Dataset entries:
+ + +
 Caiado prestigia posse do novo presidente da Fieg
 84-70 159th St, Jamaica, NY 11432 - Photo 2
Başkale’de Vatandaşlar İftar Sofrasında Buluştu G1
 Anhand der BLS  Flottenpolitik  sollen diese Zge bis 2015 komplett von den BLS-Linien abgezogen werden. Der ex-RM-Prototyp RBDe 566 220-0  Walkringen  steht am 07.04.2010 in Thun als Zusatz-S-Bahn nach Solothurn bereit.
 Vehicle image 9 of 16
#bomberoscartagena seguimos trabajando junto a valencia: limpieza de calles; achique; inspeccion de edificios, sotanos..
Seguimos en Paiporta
+ + +
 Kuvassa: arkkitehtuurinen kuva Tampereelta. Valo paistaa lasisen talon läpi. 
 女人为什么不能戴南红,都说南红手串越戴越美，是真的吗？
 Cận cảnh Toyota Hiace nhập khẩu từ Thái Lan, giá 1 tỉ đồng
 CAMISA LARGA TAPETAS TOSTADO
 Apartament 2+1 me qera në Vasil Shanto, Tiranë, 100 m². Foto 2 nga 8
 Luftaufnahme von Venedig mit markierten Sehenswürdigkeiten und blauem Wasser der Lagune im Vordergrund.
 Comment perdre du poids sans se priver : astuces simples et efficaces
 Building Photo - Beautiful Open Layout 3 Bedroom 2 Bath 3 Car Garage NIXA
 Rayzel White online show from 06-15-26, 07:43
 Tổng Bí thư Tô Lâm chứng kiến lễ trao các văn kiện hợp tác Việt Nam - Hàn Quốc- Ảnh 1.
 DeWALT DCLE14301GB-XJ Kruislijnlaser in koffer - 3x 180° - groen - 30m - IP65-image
+ + +
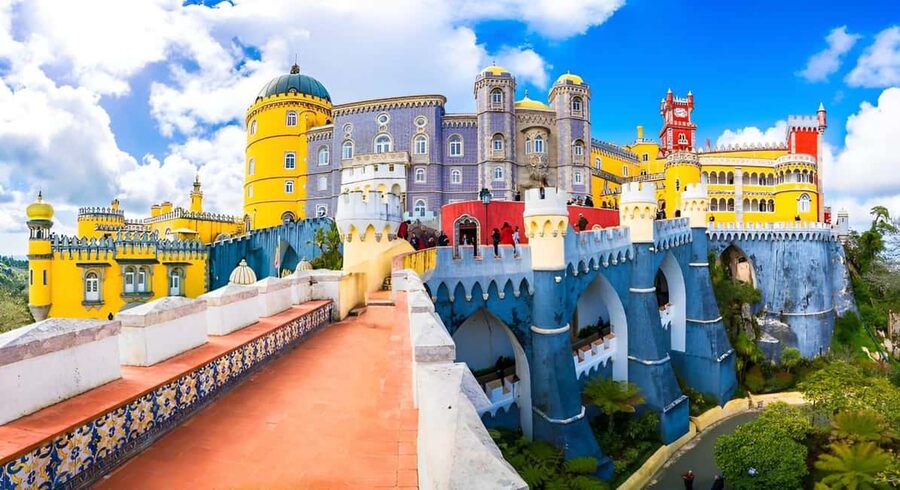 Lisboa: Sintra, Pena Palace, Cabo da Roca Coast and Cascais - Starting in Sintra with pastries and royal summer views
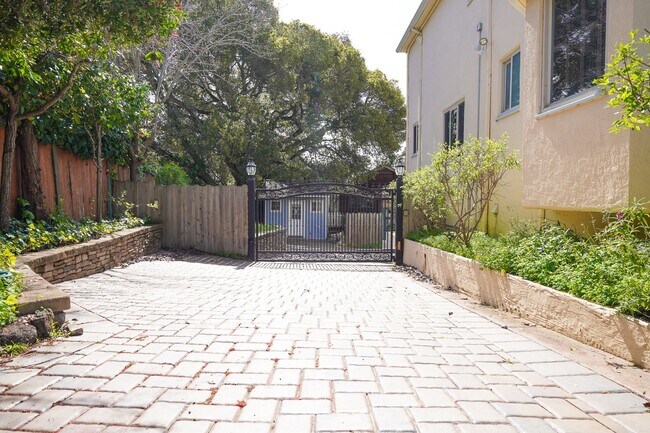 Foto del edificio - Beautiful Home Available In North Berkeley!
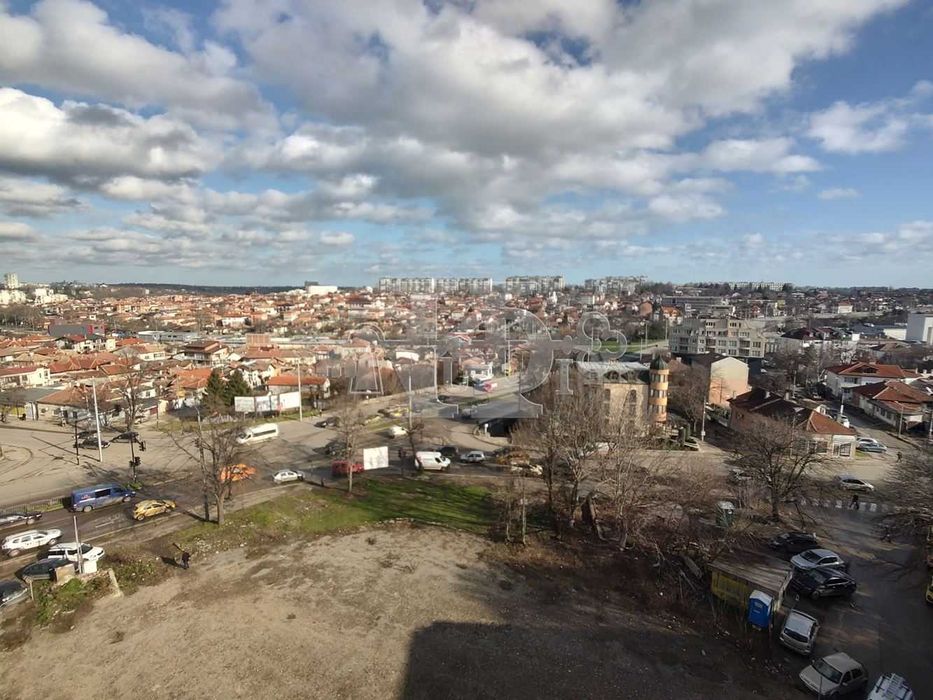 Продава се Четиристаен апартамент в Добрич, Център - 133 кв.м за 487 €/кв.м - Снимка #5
+ + +
Starting at the line with "Foto del edificio" and finishing at the line with "Продава се Четиристаен", copy the material above exactly, both lines included. Nothing else goes in, and no pictures.

 Foto del edificio - Beautiful Home Available In North Berkeley!
 Продава се Четиристаен апартамент в Добрич, Център - 133 кв.м за 487 €/кв.м - Снимка #5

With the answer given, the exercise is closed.